The second of these solutions is using the LLM chatbots to annotate the clusters in terms of a theme that underlies the terms in a given cluster. An important solution here is the development of a command line chatbot using API calls to a LLM (which again I talk about here), and in turn calling that directly within R and saving the results as strings. This automates the LLM calls so the user doesn’t have to stop the pipeline, run the LLM prompt, copy/paste the answer, and so forth.

I will note here that a lot of the work on single-cell foundation models involve the development of embeddings as well, so there is a theme here that the reader should be aware of.
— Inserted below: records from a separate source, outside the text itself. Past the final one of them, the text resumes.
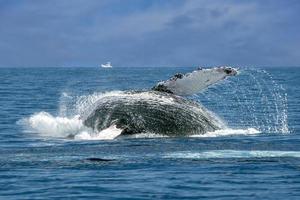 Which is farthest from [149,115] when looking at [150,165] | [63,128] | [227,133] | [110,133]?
[150,165]

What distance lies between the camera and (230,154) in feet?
50.7

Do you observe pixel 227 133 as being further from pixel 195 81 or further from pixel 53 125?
pixel 53 125

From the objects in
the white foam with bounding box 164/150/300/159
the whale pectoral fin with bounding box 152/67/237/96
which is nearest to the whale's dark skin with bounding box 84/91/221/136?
the whale pectoral fin with bounding box 152/67/237/96

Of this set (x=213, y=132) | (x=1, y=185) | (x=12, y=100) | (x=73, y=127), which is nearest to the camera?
(x=1, y=185)

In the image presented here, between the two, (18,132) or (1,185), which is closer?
(1,185)

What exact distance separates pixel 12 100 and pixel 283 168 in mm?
27129

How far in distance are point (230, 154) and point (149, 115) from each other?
392cm

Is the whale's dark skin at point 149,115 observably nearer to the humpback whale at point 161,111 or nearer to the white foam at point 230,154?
the humpback whale at point 161,111

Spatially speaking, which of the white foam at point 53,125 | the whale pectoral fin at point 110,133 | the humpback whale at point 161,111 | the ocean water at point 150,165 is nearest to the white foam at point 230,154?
the ocean water at point 150,165

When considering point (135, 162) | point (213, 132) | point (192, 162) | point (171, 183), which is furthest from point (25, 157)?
point (213, 132)

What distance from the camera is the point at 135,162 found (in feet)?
46.9

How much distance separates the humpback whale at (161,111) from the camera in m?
18.9

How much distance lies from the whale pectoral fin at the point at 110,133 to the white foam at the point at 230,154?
3018 millimetres

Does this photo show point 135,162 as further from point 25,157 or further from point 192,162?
point 25,157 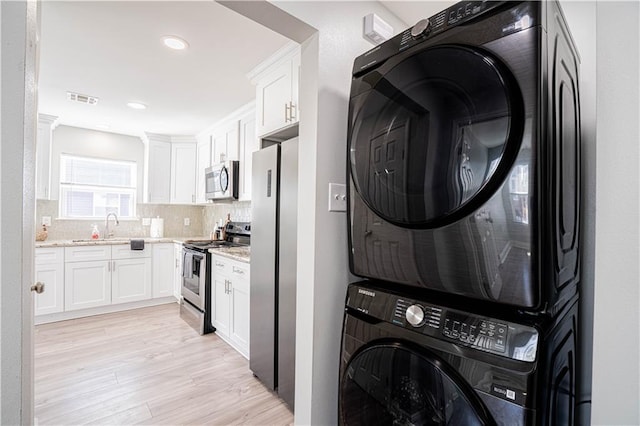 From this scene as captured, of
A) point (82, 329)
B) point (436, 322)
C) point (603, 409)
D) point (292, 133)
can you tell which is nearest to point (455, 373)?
point (436, 322)

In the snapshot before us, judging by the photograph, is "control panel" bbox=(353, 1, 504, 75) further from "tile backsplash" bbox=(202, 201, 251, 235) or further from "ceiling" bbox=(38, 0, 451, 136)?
"tile backsplash" bbox=(202, 201, 251, 235)

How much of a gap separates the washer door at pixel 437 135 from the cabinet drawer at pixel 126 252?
402 cm

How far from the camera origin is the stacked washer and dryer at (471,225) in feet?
2.26

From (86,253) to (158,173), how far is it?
4.74 feet

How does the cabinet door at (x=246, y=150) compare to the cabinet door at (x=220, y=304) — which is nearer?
the cabinet door at (x=220, y=304)

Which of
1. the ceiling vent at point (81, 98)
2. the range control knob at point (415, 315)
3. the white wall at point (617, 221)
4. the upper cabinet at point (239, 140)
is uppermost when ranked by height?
the ceiling vent at point (81, 98)

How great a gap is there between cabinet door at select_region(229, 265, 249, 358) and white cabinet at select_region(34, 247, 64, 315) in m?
2.36

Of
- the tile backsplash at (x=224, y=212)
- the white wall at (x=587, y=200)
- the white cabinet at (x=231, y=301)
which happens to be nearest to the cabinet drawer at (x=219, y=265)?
the white cabinet at (x=231, y=301)

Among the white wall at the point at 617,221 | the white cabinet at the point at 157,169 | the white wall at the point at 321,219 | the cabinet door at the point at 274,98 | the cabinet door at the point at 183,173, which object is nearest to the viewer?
the white wall at the point at 617,221

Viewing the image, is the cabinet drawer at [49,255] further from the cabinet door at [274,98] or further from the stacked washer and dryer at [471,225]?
the stacked washer and dryer at [471,225]

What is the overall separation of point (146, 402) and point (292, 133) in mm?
2189

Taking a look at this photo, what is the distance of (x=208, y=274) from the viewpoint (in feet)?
A: 10.2

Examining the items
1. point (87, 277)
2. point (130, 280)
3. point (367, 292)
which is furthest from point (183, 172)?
point (367, 292)

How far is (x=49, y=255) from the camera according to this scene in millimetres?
3426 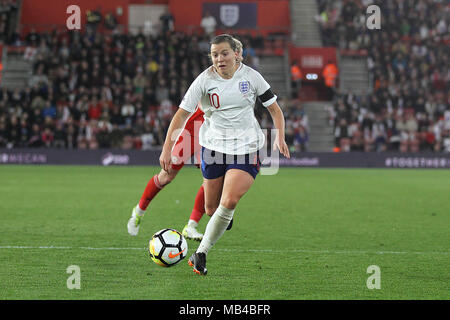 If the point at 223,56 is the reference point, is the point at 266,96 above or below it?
below

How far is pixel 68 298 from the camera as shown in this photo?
495 cm

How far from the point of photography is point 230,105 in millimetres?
6332

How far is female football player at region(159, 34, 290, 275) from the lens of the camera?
6.10 metres

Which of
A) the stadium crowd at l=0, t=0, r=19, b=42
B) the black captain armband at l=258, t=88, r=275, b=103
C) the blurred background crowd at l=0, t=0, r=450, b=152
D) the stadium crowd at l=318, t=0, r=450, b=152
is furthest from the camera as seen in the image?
the stadium crowd at l=0, t=0, r=19, b=42

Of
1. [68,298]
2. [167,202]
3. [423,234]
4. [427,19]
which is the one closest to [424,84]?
[427,19]

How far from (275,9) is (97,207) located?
23791 millimetres

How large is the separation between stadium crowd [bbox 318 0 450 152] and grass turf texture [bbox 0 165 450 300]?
10.9m

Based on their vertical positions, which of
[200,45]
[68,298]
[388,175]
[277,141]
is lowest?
[388,175]

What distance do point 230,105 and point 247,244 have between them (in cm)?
201

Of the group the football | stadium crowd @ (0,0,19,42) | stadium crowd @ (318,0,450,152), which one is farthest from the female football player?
stadium crowd @ (0,0,19,42)

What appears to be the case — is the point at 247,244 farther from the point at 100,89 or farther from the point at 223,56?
the point at 100,89

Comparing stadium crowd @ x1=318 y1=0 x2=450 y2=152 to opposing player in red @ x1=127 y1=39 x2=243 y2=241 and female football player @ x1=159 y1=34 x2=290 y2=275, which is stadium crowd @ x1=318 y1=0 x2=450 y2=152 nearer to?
opposing player in red @ x1=127 y1=39 x2=243 y2=241

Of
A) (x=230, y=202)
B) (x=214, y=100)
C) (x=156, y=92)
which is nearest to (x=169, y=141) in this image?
(x=214, y=100)

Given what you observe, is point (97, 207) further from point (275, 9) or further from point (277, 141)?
point (275, 9) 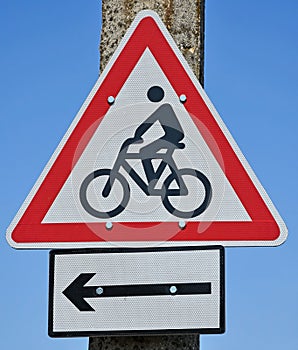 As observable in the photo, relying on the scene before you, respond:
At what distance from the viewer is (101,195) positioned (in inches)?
89.7

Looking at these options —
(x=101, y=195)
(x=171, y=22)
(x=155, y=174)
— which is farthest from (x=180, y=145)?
(x=171, y=22)

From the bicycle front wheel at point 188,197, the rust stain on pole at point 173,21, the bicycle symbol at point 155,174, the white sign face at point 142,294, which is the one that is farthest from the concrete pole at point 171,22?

For more on that, have a look at my work on the Universal Cell Embeddings (UCE) model, here.

Zooming out, this markdown provides solutions for making large amounts of textual output readable using a model that converts the output into embeddings, using python in R, calling a LLM directly within R and storing that output as a R object without user intervention, and making interactive plots to visualize all of the above.

Hopefully, this markdown will help the user solve the continual “I’m overwhelmed by all of these data” problem, and more quickly convert their data into actionable insights.